New York Times Makes Excuses for NYPD Brutality
Why did a deputy inspector for the NYPD pepper spray a group of women on the sidewalk after they had already been penned in with crowd control mesh? Joseph Goldstein of the New York Times thinks it’s their terrorism training:
When members of the loose protest movement known as Occupy Wall Street began a march from the financial district to Union Square on Saturday, the participants seemed relatively harmless, even as they were breaking the law by marching in the street without a permit.
But to the New York Police Department, the protesters represented something else: a visible example of lawlessness akin to that which had resulted in destruction and violence at other anticapitalist demonstrations, like the Group of 20 economic summit meeting in London in 2009 and the World Trade Organization meeting in Seattle in 1999.
The Police Department’s concerns came up against a perhaps milder reality on Saturday, when their efforts to maintain crowd control suddenly escalated: protesters were corralled by police officers who put up orange mesh netting; the police forcibly arrested some participants; and a deputy inspector used pepper spray on four women who were on the sidewalk, behind the orange netting.
The police’s actions suggested the flip side of a force trained to fight terrorism, in a city whose police commissioner acknowledges the ownership of a gun big enough to take down a plane, but that may appear less nimble in dealing with the likes of the Wall Street protesters.
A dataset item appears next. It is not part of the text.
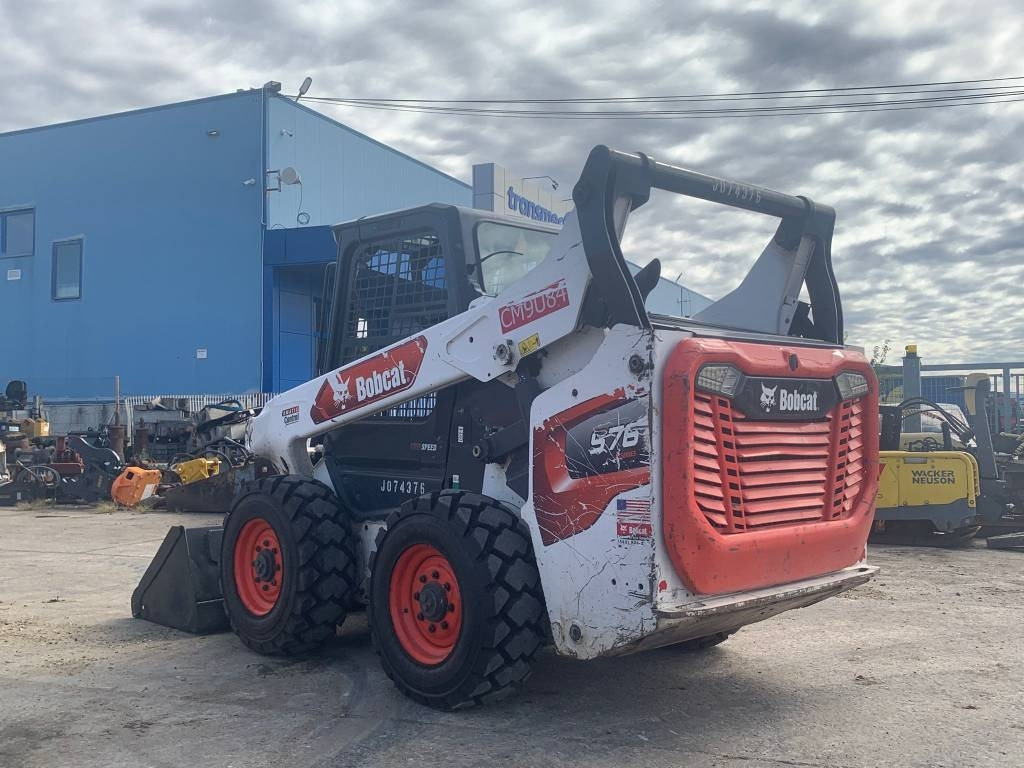 Mini krautuvas Bobcat S 76: foto 6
So even as the members of Occupy Wall Street seem unorganized and, at times, uninformed, their continued presence creates a vexing problem for the Police Department.
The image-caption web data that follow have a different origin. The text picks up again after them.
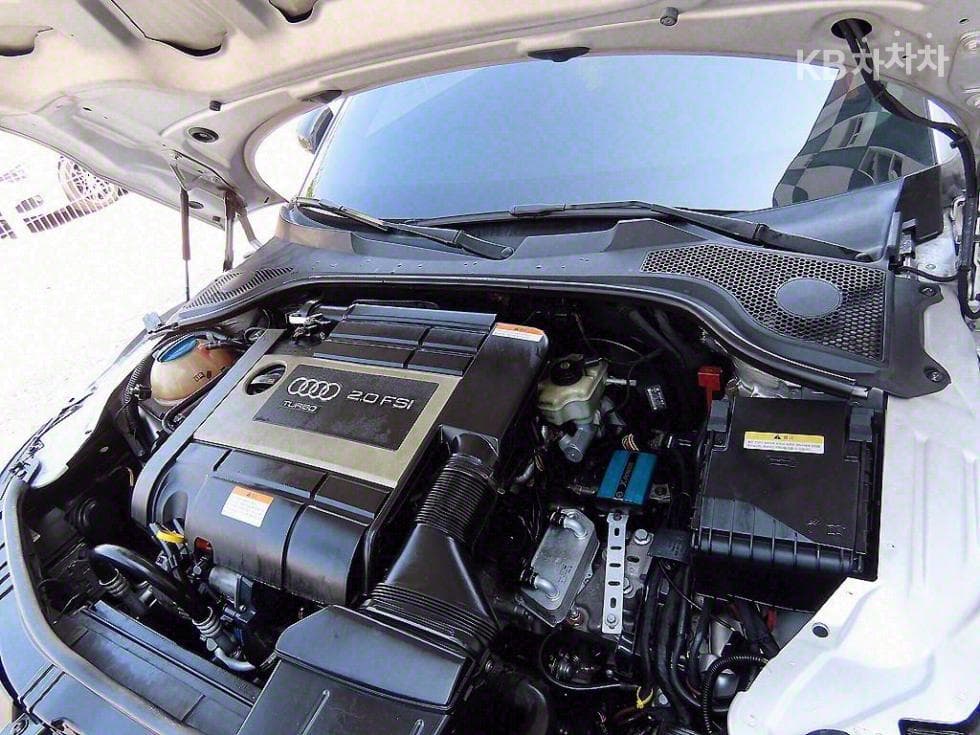 Audi TT(8J)Coupe 2.0 TFSI 8J - 17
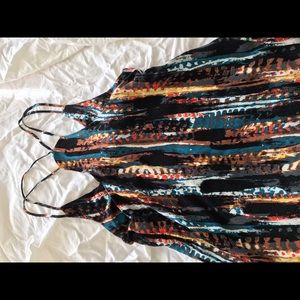 Tank top with cute straps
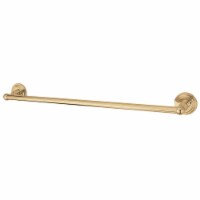 Kingston Brass BA2711PB Milano 24  Towel Bar, Polished Brass
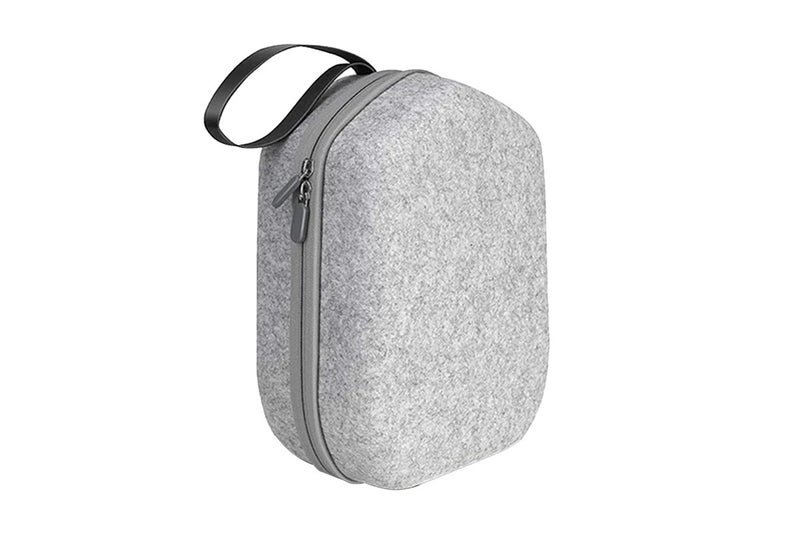 Hard Carrying Case Compatible with Meta Oculus Quest 2 Hard Travel Bag for Trave Carousel 2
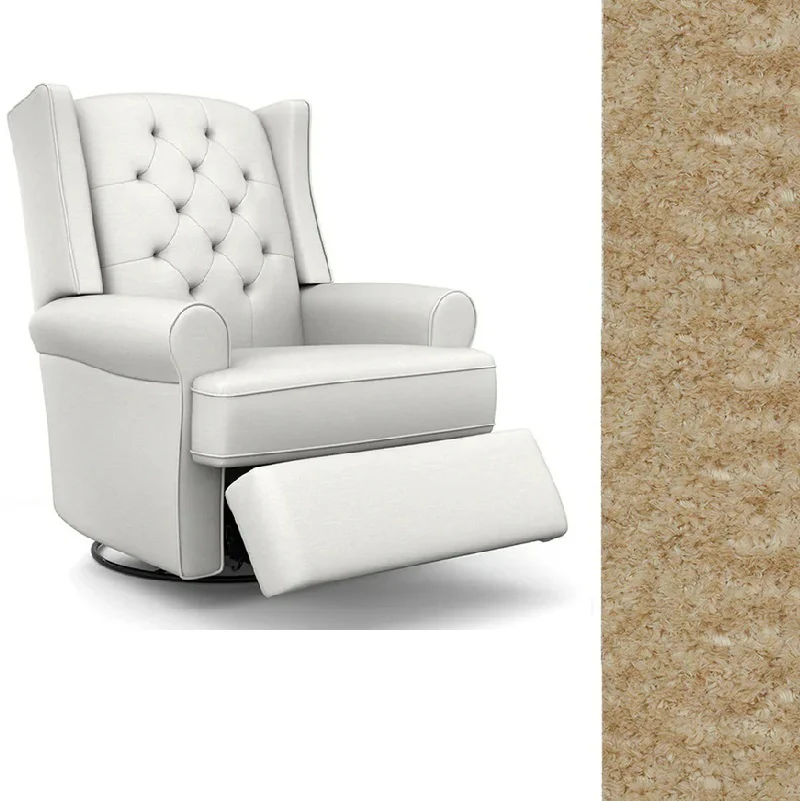 Storytime by Best Chairs Finley Power Swivel Recliner - Image 49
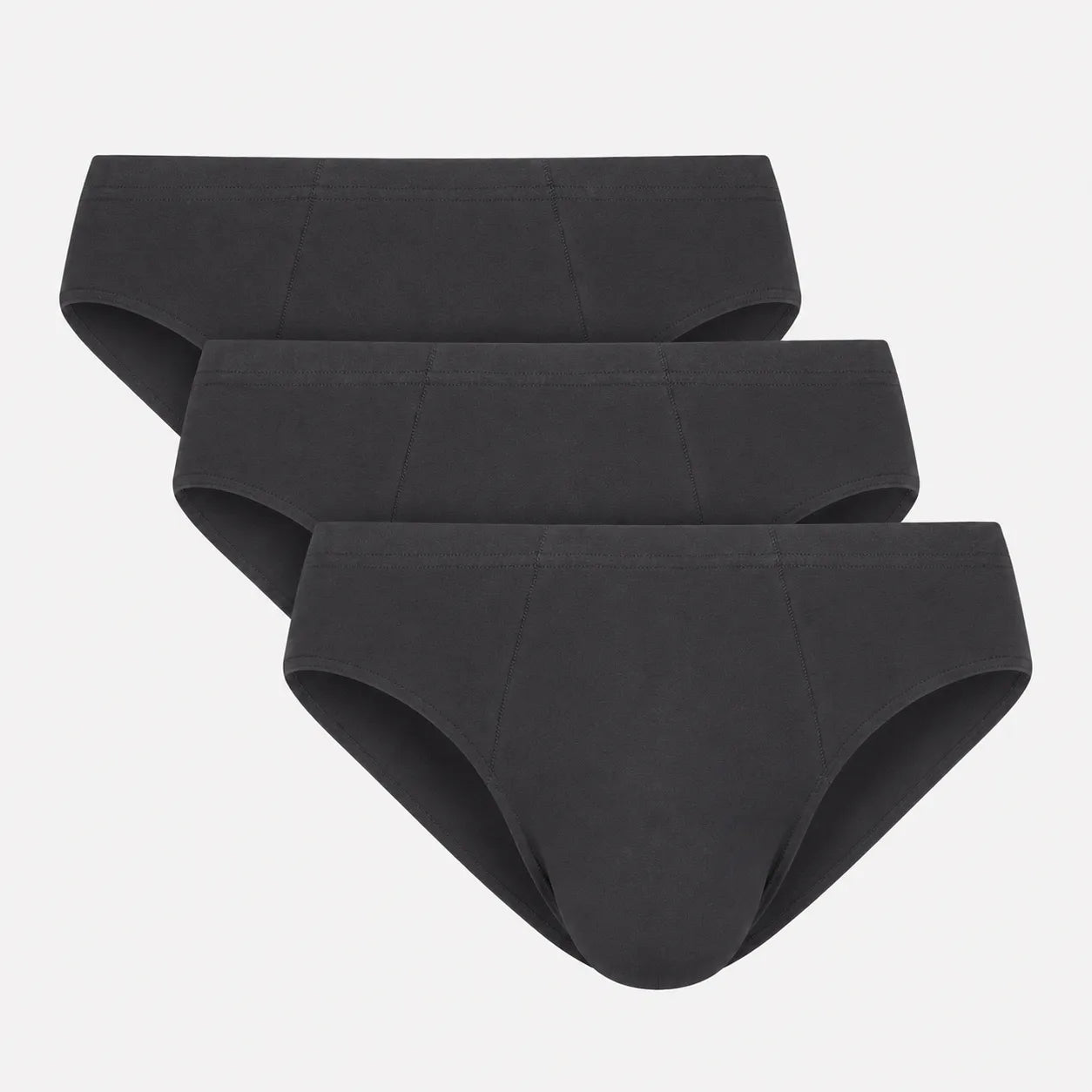 Ragno Confezione 3 Slip Uomo Stretch Cotton Midi U547BQ - 61147Q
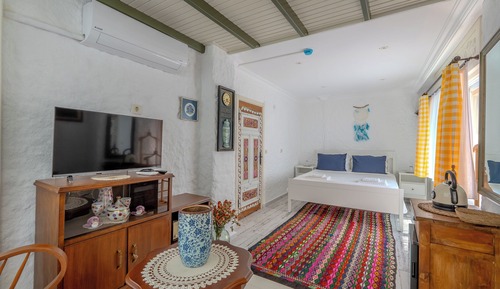 Comfort Duplex, Sea View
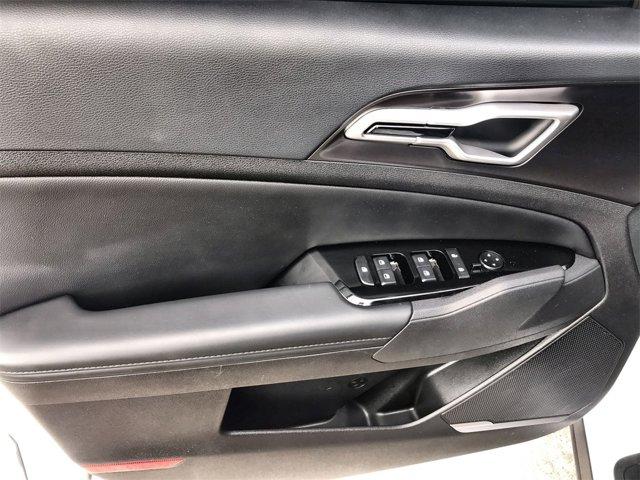 used 2025 Kia Sportage car, priced at $28,800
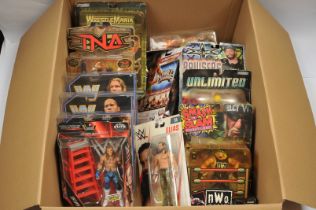 WWE/WWF Action Figures x Fourteen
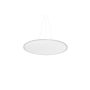 Azzardo CREAM 78 SMART WIFI AZ3287 lampa wisząca 1x72W/LED IP20 2700K-6500K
This argument about terrorism is a complete non sequitur. The Occupy Wall Street protesters had been camped out since September 17, so the police had had ample opportunity to observe that these protesters were neither terrorists nor window-smashing anarchists.
It’s not like protests are a rare event in New York. In a city this size, with this many opinionated residents, someone is bound to be protesting something on any given day. Crowd control is the NYPD’s bread and butter. Saturday’s breakaway march to Union Square, while un-permitted, wasn’t even particularly large by New York standards.
Pepper spraying an immobilized person would be against NYPD policy, even if the target were a suspected terrorist.
As Goldstein notes later in the article, the NYPD has clear guidelines on the use of pepper spray:
According to the Police Department’s patrol guide, officers may use pepper spray under certain conditions, including “when a member reasonably believes it is necessary to effect an arrest of a resisting suspect.” The guide also advises that the spray should “not be used in situations that do not require the use of physical force.”
The video shows the officer spraying the women and walking away. He doesn’t make any effort to arrest them, and none of the other officers do either. He just leaves the victims writhing in their orange cage.